SURVEY MARK HUNTING

Pizza at an Old Favorite Place

Rich and I were enthusiastic about getting out of the house for a little local benchmark hunting this afternoon (I think the promise of pizza at the Waymart Hotel helped a lot, too!). My first goal was to search for a mark that I had somehow overlooked on the datasheet last time we were in this area—a PDH disk that serves as a reference mark for USGS bench mark 35 ETL. We realized there was a chance the grass had been cut since our visit in May and the USGS disk would be accessible too.

Unfortunately that wasn’t to be. The grass obviously has not been cut, and I’m not going to wade through it and pick up ticks on the way. But the PDH disk on the nearby bridge was an easy find and very easy to access. Rich even saw it from the car. The disk appears to have been a victim of PennDOT’s aggressive plowing as one side of it is missing and the edge is curled up toward the center of the mark. With such damage I doubt it would be a reliable elevation mark, but it’s probably fine as a reference mark for 35 ETL.

After our first find of the day, we continued on our planned route. We turned onto Crystal Lake Road from Route 106, crossing slowly over a new bridge. Rich thought he spotted a survey mark set into the wingwall—he was right! He pulled the car ahead and parked in a safe spot while I checked it out. Not surprisingly, it’s one of the new PennDOT marks that they seem to be setting in each new bridge. It is set into the northeast wingwall of the bridge over Fall Brook. The disk is not yet stamped.
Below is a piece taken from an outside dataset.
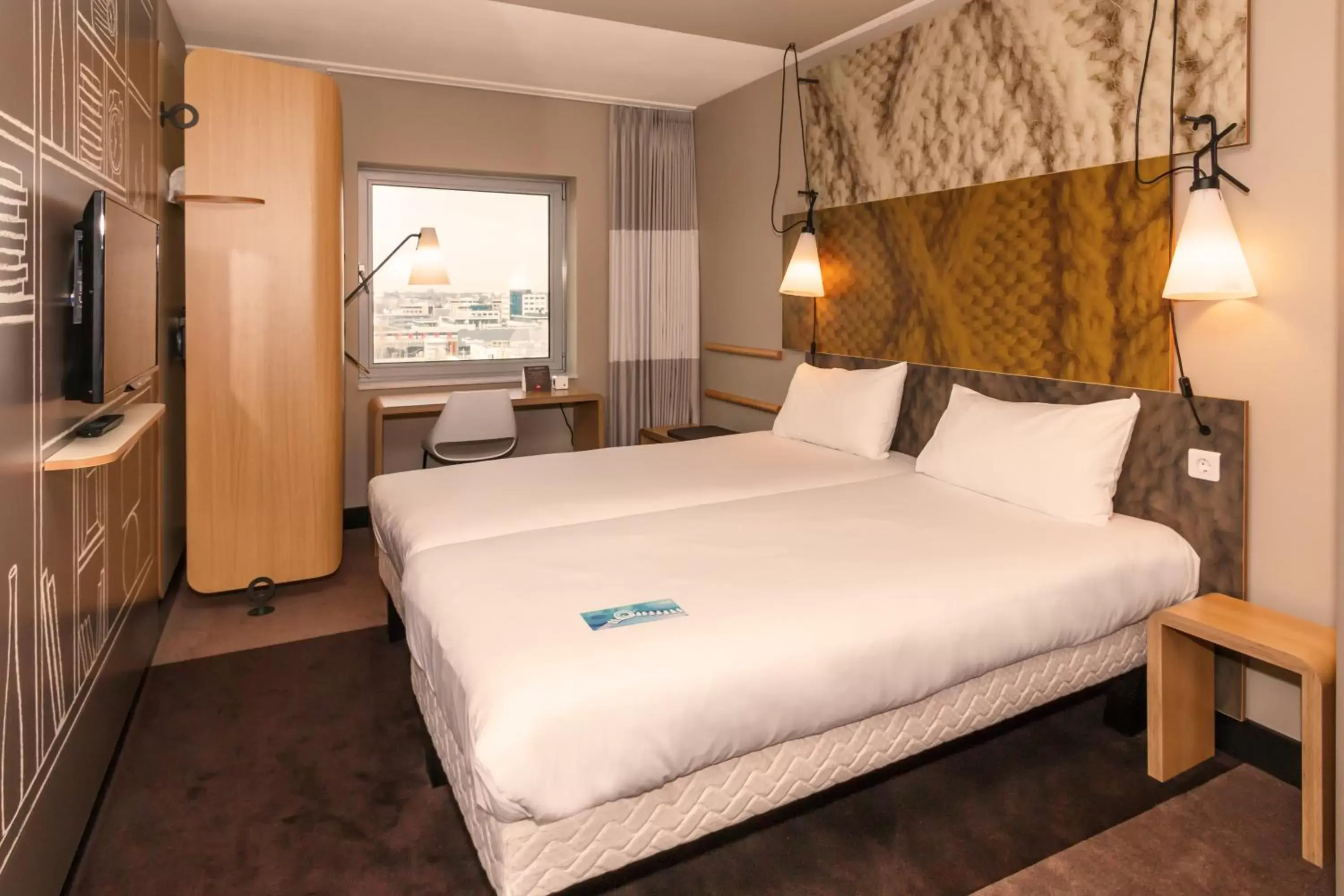 Bed in ibis Amsterdam City West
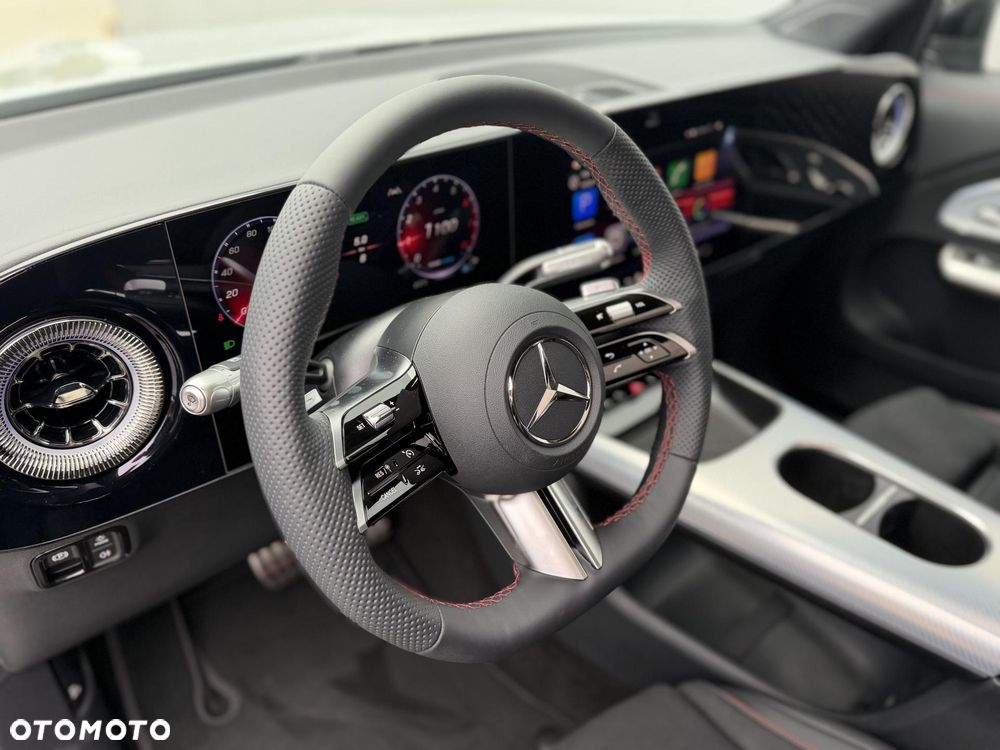 Mercedes-Benz GLB 220 mHEV 4-Matic 8G-eDCT - 13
Our final find for today, that was coincidentally (…or not) on our way to the Waymart Hotel, was 41 M. Even though it was a side-of-the-road mark, which are typically not that exciting, this was a fun and challenging hunt. By this point in the summer the roadsides are typically overgrown with weeds, and that’s what I found along Dundaff Street near the coordinates for 41 M. I walked up and down the road but couldn’t find a single boulder among the weeds or in the woods behind. Finally a breeze blew a small tree’s branches aside and the sun hit at just the right angle, and I spotted the mottled gray surface of a boulder! I hopped over the ditch and lifted the tree branch to discover the disk set into the high point of the boulder.

I wasn’t so lucky with the reference mark, which was supposed to be a chiseled square on a boulder on the other side of the road. There were a few boulders but they had obviously been placed there more recently than 1942, and they weren’t in the correct location.

As promised, we made our way to the Waymart Hotel to enjoy a pizza lunch! It’s always fun to enjoy a few slices and some beer, and then wander around the grounds. We tend to arrive here early enough that we basically have the place to ourselves.